No inverno de 2020, pedi ao compositor Benjamin Attahir para compor uma peça para a Temporada Cruzada Portugal-França 2022. Familiarizado com a poesia portuguesa, este compositor já tinha, no passado, colocado em música textos dos escritores lusófonos Mia Couto e José Luís Peixoto. A solução por si apresentada foi muito original: a soprano portuguesa Raquel Camarinha acompanhou o processo criativo, escrevendo o texto. Este inspira-se numa língua estranha, uma mistura de português e francês, «Uma linguagem bastante engraçada que ela fala diariamente com o seu jovem filho», salienta Benjamin Attahir. É hora de ir para a cama, hora da história para adormecer. Um pescador fala com a lua e com as estrelas. A mãe conta a história e a criança interrompe-a, interroga-a, entusiasma-se e sonha com ela. A história refere-se ao imaginário coletivo português da criação do fado, transportado pelo «povo do mar». Este fado com a sua «origem marítima, origem que se lhe vislumbra no seu ritmo onduloso como os movimentos cadenciados da vaga, balanceante como o jogar de bombordo a estibordo […] triste como as lamentações fluctívagas do Atlântico […] saudoso como a indefinível nostalgia da pátria ausente» [José Pinto de Carvalho, História do Fado, 1903].

Paradoxalmente, a música de Benjamin Attahir não se apropria de motivos musicais do fado.
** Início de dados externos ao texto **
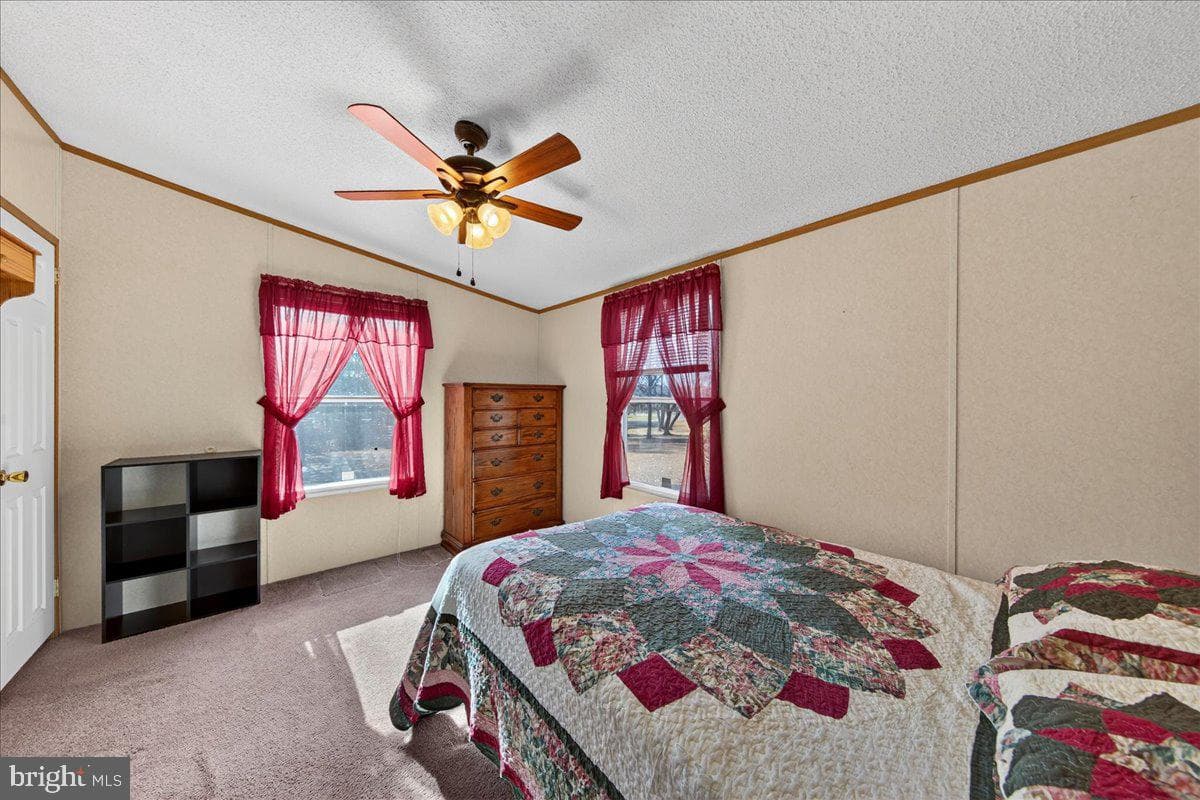 220 Chalklevel Road photo 52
O compositor usa e distorce uma canção de embalar renascentista italiana, de Tarquinio Merula (1595-1665). Mas a magia acontece quando se ouve a canção invocar o «refluxo e fluxo do mar, o balanço do barco» e usar tonalidades harmónicas por vezes escuras e melancólicas. Benjamin Attahir também joga com a presença das duas personagens. A mãe, com a sua voz mais lírica, usa sobretudo o português. O compositor, cujas obras têm sido frequentemente inspiradas pela música oriental, aprecia a musicalidade poderosa desta língua, a força das duas entoações e a sua proximidade com o árabe. A criança, com um modo se expressão desajeitado que maltrata ambas as línguas, favorece o francês. Uma referência óbvia a L’Enfant et les Sortilèges de Ravel. 

A orquestração extremamente refinada de Benjamin Attahir e o seu gosto por combinações delicadas e literalmente inauditas de timbres inscrevem-se também na tradição raveliana. Para lá da referência ao universo dos contos de fadas, a «simplicidade» desta obra – pela sua curta duração, pela utilização que faz da pequena formação de Ma mère l’Oye e pela ausência de rasgos líricos trovejantes – faz dela uma espécie de miniatura. É uma homenagem às Cinco Peças Infantis, uma peça para piano a quatro mãos que se transformou numa suíte para orquestra, e depois num bailado, originalmente escrita por Ravel para duas crianças de 6 e 10 anos.